--- START ---

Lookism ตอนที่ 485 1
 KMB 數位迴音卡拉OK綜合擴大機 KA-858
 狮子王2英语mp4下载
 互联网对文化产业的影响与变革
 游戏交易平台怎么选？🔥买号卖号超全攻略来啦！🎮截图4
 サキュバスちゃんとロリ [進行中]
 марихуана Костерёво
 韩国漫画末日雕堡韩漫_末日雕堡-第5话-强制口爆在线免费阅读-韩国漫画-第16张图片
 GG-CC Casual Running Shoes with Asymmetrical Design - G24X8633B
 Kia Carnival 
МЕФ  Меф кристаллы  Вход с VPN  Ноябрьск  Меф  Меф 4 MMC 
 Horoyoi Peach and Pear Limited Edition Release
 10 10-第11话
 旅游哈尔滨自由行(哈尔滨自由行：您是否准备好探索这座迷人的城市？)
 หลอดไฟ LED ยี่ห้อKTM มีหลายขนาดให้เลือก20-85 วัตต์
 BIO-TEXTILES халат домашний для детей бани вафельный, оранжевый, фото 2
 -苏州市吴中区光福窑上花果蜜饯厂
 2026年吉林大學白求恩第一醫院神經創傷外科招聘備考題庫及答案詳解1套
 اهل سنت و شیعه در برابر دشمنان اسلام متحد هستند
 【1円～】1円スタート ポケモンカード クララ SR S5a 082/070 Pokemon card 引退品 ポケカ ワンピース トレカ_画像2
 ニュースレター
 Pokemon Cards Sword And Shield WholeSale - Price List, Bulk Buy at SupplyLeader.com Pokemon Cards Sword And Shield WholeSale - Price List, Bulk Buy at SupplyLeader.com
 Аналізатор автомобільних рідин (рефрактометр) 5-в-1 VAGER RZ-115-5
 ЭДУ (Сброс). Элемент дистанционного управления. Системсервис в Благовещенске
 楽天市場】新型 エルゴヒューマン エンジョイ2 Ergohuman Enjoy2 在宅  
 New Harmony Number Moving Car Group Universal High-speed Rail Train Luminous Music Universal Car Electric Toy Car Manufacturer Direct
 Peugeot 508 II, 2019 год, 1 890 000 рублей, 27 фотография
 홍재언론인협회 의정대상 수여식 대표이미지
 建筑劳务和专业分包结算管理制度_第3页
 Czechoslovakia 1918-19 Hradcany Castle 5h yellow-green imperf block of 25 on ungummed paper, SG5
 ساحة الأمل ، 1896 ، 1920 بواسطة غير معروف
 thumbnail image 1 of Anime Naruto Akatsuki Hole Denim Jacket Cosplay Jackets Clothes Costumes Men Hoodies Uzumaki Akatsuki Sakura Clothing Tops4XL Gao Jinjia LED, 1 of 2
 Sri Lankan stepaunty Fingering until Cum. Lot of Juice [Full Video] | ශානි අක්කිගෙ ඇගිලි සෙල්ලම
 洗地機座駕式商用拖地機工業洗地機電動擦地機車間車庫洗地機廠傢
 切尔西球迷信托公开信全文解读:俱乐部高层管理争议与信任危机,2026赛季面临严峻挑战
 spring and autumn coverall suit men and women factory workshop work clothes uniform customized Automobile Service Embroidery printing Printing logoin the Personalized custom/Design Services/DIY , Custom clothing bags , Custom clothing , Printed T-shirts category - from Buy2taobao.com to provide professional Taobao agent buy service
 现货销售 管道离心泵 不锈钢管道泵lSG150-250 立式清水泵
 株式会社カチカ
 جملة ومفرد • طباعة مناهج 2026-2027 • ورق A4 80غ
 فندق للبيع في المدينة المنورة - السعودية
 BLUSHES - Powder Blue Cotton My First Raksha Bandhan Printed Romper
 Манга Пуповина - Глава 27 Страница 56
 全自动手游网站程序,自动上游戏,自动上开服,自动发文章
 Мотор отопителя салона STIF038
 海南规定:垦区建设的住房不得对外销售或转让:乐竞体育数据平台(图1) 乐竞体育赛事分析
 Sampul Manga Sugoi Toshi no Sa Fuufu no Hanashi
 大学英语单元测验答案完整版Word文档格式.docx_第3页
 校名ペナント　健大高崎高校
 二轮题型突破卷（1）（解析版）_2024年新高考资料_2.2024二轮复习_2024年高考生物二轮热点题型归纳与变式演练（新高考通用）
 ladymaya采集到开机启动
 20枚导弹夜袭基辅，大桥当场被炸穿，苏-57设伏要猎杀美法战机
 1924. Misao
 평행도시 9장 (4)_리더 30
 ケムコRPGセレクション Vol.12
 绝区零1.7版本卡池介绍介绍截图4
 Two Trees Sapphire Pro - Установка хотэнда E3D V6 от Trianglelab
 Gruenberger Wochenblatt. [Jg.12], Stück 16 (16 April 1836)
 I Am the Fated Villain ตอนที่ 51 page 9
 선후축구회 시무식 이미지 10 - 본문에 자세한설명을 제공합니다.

--- END ---

TASK – Copy out only the lines of the records above from the one with "اهل سنت و شیعه" through the one with "切尔西球迷信托公开信全文解读", exactly as they stand, both included.

ANSWER TO THIS PROBLEM –
 اهل سنت و شیعه در برابر دشمنان اسلام متحد هستند
 【1円～】1円スタート ポケモンカード クララ SR S5a 082/070 Pokemon card 引退品 ポケカ ワンピース トレカ_画像2
 ニュースレター
 Pokemon Cards Sword And Shield WholeSale - Price List, Bulk Buy at SupplyLeader.com Pokemon Cards Sword And Shield WholeSale - Price List, Bulk Buy at SupplyLeader.com
 Аналізатор автомобільних рідин (рефрактометр) 5-в-1 VAGER RZ-115-5
 ЭДУ (Сброс). Элемент дистанционного управления. Системсервис в Благовещенске
 楽天市場】新型 エルゴヒューマン エンジョイ2 Ergohuman Enjoy2 在宅  
 New Harmony Number Moving Car Group Universal High-speed Rail Train Luminous Music Universal Car Electric Toy Car Manufacturer Direct
 Peugeot 508 II, 2019 год, 1 890 000 рублей, 27 фотография
 홍재언론인협회 의정대상 수여식 대표이미지
 建筑劳务和专业分包结算管理制度_第3页
 Czechoslovakia 1918-19 Hradcany Castle 5h yellow-green imperf block of 25 on ungummed paper, SG5
 ساحة الأمل ، 1896 ، 1920 بواسطة غير معروف
 thumbnail image 1 of Anime Naruto Akatsuki Hole Denim Jacket Cosplay Jackets Clothes Costumes Men Hoodies Uzumaki Akatsuki Sakura Clothing Tops4XL Gao Jinjia LED, 1 of 2
 Sri Lankan stepaunty Fingering until Cum. Lot of Juice [Full Video] | ශානි අක්කිගෙ ඇගිලි සෙල්ලම
 洗地機座駕式商用拖地機工業洗地機電動擦地機車間車庫洗地機廠傢
 切尔西球迷信托公开信全文解读:俱乐部高层管理争议与信任危机,2026赛季面临严峻挑战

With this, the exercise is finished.